Qualified Investor Hedge Fund
A minimum investment of R1 million is required per hedge fund, as well as demonstrable investment knowledge by either the investor or his appointed Financial Services Provider.
Retail Investor Hedge Fund
Investments may be accepted from any investor, with no prescribed minimum. Standardised risk parameters are enforced to protect retail investors.
Hedge funds in a nutshell
Similar to traditional unit trusts, investors’ money is pooled and used to buy assets such as cash, bonds, property and equities. Hedge funds however, have greater flexibility in the instruments and strategies used to create a diversified portfolio, a typical characteristic is the use of short selling and leverage to reduce market correlation.
Are all hedge funds aggressive?
Although the risk and return profiles of hedge funds are greatly dispersed, the typical South African Hedge fund is managed very conservatively, usually seeking to provide positive returns in all market conditions, usually emphasising consistency of returns or protection of investors’ capital.
Benefit of combining hedge funds in a Collective Investment Scheme structure
As hedge fund strategies are extremely diverse in style and outcome, no one single-strategy hedge fund is able to fully harness the opportunity set these alternative investments are able to bring to an investor’s portfolio.

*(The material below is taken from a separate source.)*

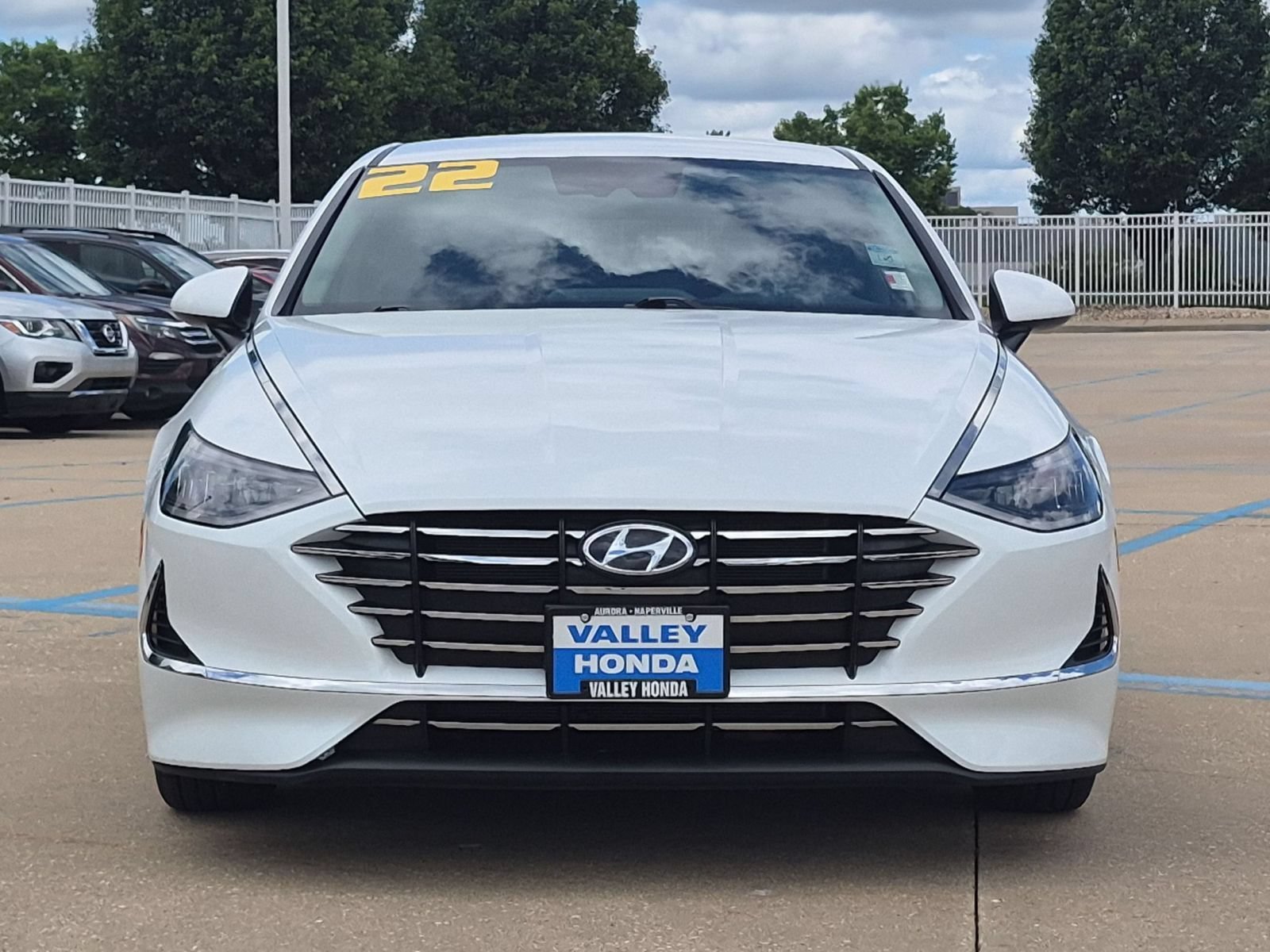 Used 2022 Quartz White Hyundai SE image 3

Through expert selection and combination of underlying funds a Fund of Hedge Funds manager can create a diversified portfolio specifically constructed to satisfy the risk and return appetite of its client base. Furthermore, within a Fund of Funds Collective Investment Scheme, an underlying investment rebalancing or manager substitution does not trigger a capital gains tax event for the investor.
What is the benefit of hedge funds in a portfolio?

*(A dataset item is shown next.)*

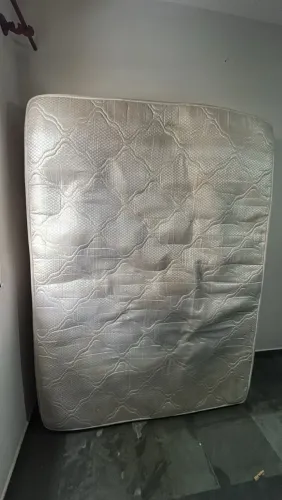 Cama casal usada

Hedge funds can be used in portfolios to reduce risk relative to equities in the same way as bonds in a traditional portfolio A good combination of hedge funds can compete well with bonds on volatility measures, and outshine bonds on returns.

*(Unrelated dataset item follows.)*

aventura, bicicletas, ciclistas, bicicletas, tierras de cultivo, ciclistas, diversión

Hedge Funds typically sacrifice some upside in favour of more consistent positive returns This may be an argument of some equity investors to exclude these from their portfolio However, this can be to the detriment of such an investor in equity down markets since hedge funds can use shorting as an uncorrelated alternative source of return. The combination of uncorrelated sources of return can result in the overall portfolio delivering more consistent returns in a variety of market conditions and outperformance over the entire period.
What is Shorting?
Shorting is a mechanism used to express a bearish view, the expectation that the price will decline Simply put it works on the conventional investment principle of “buying low” and “selling high” the key difference is the sequence of these transactions In a traditional long transaction, to express a bullish view, the buy transaction precedes the sell transaction, short selling reverses this process by initially selling the asset with the intention to buy in the future at a lower price.